SY: That sounds fulfilling! You get your opportunities to play and explore while figuring out what works and what doesn’t.

SY: We’ve confirmed that The Steel Yard and it’s immediate orbit occupies a lot of your time– what fills your time when you’re not in the office? 

TD: My family, meaning my partner and two dogs Meatball and Nando, just couch together all the time. You’ll see them soon! I also love being a chore friend– nothing brings me more joy. If a friend has a project that they’re dreading, I’m so ready to make a bad time feel slightly better! I’m often running errands with friends who need help with that.

SY: Is there anything that you are most looking forward to this year?
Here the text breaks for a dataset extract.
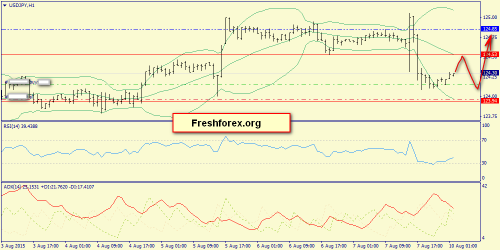 forex-trend-10082015-9.png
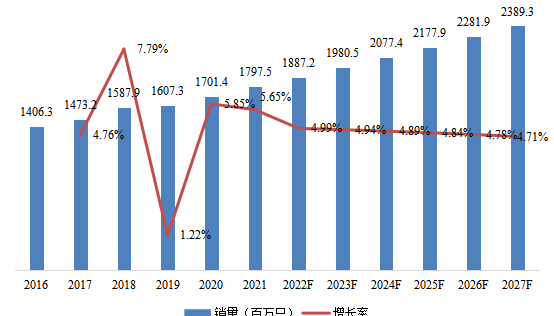 2016-2027年亚太(除中国)电子学中的18650电池消费市场规模和增长率 2016-2027年亚太(除中国)电子学中的18650电池消费市场规模和增长率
WHat do you see over the horizon that is grabbing your interest?

TD: There are exciting projects that have been in the works since Ive been here at the Yard, and it looks like they may be coming to fruition pretty soon, so stay tuned on that. Outside of the Yard, Im going to be traveling to Vietnam for the first time with my family. This will be the first time that my parents will be back in the country since leaving. With everything happening in Palestine, I now have a new lens to take that trip with, especially since learning that there was a lot of solidarity between Palestine and Vietnam in the 70’s. Im really excited to learn more about that, and to see how it will inform my creative work.

SY:Hell yeah, I can’t wait to hear more about your trip and insights when you get back! Navigating familial history and trauma is truly important, if hard, work.

SY: This is less of a lighting round and more of a me round, but If I were a color of ceramic glaze, what would I be? Don’t think too hard, but think a little hard about it. Definitely not a test.

TD: This is hard. Okay. What about underglaze? Does that count?

SY: I’ll allow it.

TD: Black underglaze, right on the bottom.

Authors Note: I made these two years ago.

SY: Do you have any questions for me?

TD: Hmm…you were on my hiring committee. What do you think I will have an easy time with, and what will I have a hard time with?

SY: Hmmmm…I think you’l have fun working with clients and teasing out what their ultimate visions are for their projects. You’re going to get really skilled at working with all kinds of *personalities*. As far as challenges go, you already spoke to it, but just finding time to get away from your various creative projects/ spending all your time here is the big one. Its definitely a journey. I think my feelings remain the same from the hiring process: you are more than capable in this position, you’ve got the institutional knowledge, and you see public art through a very specific lens, and you approach it with a particular kind of thoughtfulness and generosity that you don’t see too often.